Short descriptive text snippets
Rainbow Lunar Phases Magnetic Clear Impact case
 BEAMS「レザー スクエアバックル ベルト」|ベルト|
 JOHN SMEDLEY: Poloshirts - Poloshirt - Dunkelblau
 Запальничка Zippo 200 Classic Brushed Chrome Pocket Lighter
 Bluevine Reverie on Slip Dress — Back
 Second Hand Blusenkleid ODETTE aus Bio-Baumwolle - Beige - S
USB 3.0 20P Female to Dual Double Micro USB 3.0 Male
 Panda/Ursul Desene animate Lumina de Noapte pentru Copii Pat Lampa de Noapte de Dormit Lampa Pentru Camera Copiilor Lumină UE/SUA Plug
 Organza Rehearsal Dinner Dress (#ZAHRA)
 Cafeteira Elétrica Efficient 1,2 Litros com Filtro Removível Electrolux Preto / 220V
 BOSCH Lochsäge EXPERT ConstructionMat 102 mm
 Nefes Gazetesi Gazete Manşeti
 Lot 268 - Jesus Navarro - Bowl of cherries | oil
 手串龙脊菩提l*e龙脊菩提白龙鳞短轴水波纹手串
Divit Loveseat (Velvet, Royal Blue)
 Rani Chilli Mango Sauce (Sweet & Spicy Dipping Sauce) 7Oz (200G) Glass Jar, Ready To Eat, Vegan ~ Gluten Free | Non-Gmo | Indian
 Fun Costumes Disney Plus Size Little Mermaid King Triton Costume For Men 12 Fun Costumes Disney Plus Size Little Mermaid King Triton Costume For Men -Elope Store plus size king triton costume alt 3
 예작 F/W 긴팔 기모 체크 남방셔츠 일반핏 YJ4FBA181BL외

**TASK REQUIREMENTS**
Retype all of the data shown above, word for word.

**YOUR SOLUTION**
Rainbow Lunar Phases Magnetic Clear Impact case
 BEAMS「レザー スクエアバックル ベルト」|ベルト|
 JOHN SMEDLEY: Poloshirts - Poloshirt - Dunkelblau
 Запальничка Zippo 200 Classic Brushed Chrome Pocket Lighter
 Bluevine Reverie on Slip Dress — Back
 Second Hand Blusenkleid ODETTE aus Bio-Baumwolle - Beige - S
USB 3.0 20P Female to Dual Double Micro USB 3.0 Male
 Panda/Ursul Desene animate Lumina de Noapte pentru Copii Pat Lampa de Noapte de Dormit Lampa Pentru Camera Copiilor Lumină UE/SUA Plug
 Organza Rehearsal Dinner Dress (#ZAHRA)
 Cafeteira Elétrica Efficient 1,2 Litros com Filtro Removível Electrolux Preto / 220V
 BOSCH Lochsäge EXPERT ConstructionMat 102 mm
 Nefes Gazetesi Gazete Manşeti
 Lot 268 - Jesus Navarro - Bowl of cherries | oil
 手串龙脊菩提l*e龙脊菩提白龙鳞短轴水波纹手串
Divit Loveseat (Velvet, Royal Blue)
 Rani Chilli Mango Sauce (Sweet & Spicy Dipping Sauce) 7Oz (200G) Glass Jar, Ready To Eat, Vegan ~ Gluten Free | Non-Gmo | Indian
 Fun Costumes Disney Plus Size Little Mermaid King Triton Costume For Men 12 Fun Costumes Disney Plus Size Little Mermaid King Triton Costume For Men -Elope Store plus size king triton costume alt 3
 예작 F/W 긴팔 기모 체크 남방셔츠 일반핏 YJ4FBA181BL외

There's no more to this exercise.